I am learning that Young measures can be useful for variational problems. When a set of functions isn't compact in function space (so they don't have a convergent subsequence), we can associate those functions with Young measures, and then use a sort of compactness on the set of Young measures.
Here is a nice explanation I found introducing Young measures and a version of Prohorov's theorem for Young measures.
It says that given a bounded sequence $u_n \in L^\infty(\Omega)$, the sequence of corresponding Young measures $\nu^n$ (which can be "sliced" into $\nu^n_x = \delta_{u_n(x)}$ for all $x\in \mathbb{R}$) has a convergent subsequence.

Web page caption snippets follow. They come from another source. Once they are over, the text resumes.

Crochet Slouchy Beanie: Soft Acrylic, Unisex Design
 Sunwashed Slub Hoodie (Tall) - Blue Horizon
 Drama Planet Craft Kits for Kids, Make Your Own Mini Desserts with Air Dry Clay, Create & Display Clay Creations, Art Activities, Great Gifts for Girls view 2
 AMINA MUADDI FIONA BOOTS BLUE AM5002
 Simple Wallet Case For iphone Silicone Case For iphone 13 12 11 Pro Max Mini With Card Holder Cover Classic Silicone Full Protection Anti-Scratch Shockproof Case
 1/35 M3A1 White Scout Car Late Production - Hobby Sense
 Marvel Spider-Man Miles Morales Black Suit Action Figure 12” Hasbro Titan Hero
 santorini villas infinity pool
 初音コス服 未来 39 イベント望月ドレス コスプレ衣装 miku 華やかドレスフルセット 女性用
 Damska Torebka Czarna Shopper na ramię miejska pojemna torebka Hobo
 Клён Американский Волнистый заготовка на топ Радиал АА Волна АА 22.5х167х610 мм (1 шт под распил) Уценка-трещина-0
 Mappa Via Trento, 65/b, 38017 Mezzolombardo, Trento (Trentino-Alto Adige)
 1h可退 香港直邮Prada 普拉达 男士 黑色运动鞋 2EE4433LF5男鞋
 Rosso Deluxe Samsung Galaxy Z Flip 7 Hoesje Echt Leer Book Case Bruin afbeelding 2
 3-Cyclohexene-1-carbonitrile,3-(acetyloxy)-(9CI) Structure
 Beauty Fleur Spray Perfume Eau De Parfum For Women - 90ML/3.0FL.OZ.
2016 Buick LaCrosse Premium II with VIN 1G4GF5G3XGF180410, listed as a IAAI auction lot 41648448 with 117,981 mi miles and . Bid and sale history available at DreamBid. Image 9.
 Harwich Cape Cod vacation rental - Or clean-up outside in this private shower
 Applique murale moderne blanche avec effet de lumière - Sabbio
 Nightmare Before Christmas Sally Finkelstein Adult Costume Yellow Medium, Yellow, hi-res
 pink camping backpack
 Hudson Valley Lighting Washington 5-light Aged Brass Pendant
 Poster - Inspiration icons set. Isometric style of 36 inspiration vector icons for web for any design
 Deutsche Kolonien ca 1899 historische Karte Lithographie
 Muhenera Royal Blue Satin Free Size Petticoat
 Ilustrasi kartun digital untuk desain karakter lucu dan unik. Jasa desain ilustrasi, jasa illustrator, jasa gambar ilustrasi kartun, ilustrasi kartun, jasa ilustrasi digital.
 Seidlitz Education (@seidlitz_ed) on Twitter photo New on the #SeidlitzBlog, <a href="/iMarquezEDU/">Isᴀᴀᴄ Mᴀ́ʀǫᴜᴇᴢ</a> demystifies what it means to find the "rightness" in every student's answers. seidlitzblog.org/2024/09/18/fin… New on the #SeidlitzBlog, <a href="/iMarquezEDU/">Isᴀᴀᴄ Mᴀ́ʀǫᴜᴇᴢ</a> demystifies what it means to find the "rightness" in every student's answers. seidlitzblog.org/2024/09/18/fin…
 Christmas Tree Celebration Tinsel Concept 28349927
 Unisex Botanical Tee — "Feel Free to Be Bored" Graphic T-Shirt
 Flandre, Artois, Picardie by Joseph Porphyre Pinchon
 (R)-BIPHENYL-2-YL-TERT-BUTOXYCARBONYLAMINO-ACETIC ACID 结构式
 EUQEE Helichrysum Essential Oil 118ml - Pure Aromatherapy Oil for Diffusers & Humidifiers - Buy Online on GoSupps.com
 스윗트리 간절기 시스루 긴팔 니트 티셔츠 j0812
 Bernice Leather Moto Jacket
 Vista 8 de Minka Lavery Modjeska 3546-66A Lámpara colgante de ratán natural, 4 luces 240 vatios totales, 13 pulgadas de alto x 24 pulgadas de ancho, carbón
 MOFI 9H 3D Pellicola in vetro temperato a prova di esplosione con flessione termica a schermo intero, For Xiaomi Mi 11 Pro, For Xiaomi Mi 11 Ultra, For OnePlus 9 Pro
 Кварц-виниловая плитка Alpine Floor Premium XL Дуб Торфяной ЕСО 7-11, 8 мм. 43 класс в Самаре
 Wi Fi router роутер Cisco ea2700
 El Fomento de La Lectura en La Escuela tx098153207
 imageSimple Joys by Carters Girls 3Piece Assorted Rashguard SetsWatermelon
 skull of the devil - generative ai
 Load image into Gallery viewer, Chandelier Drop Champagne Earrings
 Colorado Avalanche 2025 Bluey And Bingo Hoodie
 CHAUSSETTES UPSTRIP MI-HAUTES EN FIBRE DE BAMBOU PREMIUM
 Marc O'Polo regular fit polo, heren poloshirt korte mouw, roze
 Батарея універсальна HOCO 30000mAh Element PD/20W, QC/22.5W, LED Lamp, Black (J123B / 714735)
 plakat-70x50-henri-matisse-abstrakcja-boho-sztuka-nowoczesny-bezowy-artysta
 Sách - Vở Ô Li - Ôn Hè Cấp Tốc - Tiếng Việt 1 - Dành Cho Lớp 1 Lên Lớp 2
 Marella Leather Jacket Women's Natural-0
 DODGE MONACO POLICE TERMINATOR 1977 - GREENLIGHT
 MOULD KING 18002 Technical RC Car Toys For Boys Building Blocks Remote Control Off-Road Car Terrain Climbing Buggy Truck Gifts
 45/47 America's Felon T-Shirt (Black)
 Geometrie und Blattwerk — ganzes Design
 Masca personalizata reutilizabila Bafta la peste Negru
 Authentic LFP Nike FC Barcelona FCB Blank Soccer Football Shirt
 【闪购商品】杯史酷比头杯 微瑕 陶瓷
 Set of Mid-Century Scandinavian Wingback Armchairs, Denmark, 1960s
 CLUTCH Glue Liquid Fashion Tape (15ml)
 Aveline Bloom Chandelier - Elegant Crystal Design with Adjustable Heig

Furthermore, the limit $\nu$ is also a Young measure.
My question is
- Is $\nu$ also of the form $\nu_x = \delta_{u(x)}$ for some function $u$? I want to say no (or maybe $u$ isn't $L^\infty$) because $L^\infty$ isn't compact.
- If not, then can we describe it other other than the most general definition of Young measure (stated in the link)?
- And if not, why is this useful for variational problems?
If $\Omega=(0,1)$ and $u_n(x) = \sin(n\pi x)$. Then the Young measure limit is $$ \nu_x = \frac12 \delta_{-1} + \frac12 \delta_{+1} $$ in the sense that $$ \int_\Omega f( u_n(x))dx \to \frac 12 (f(-1) + f(1)) $$ for all continuous $f$. This example is also discussed on the website you linked.
Why is this usefull for variational problems? Problems posed wrt Young measures have solutions under much weaker conditions. In addition, the Young measure minimum coincides with the infimum of the original problem.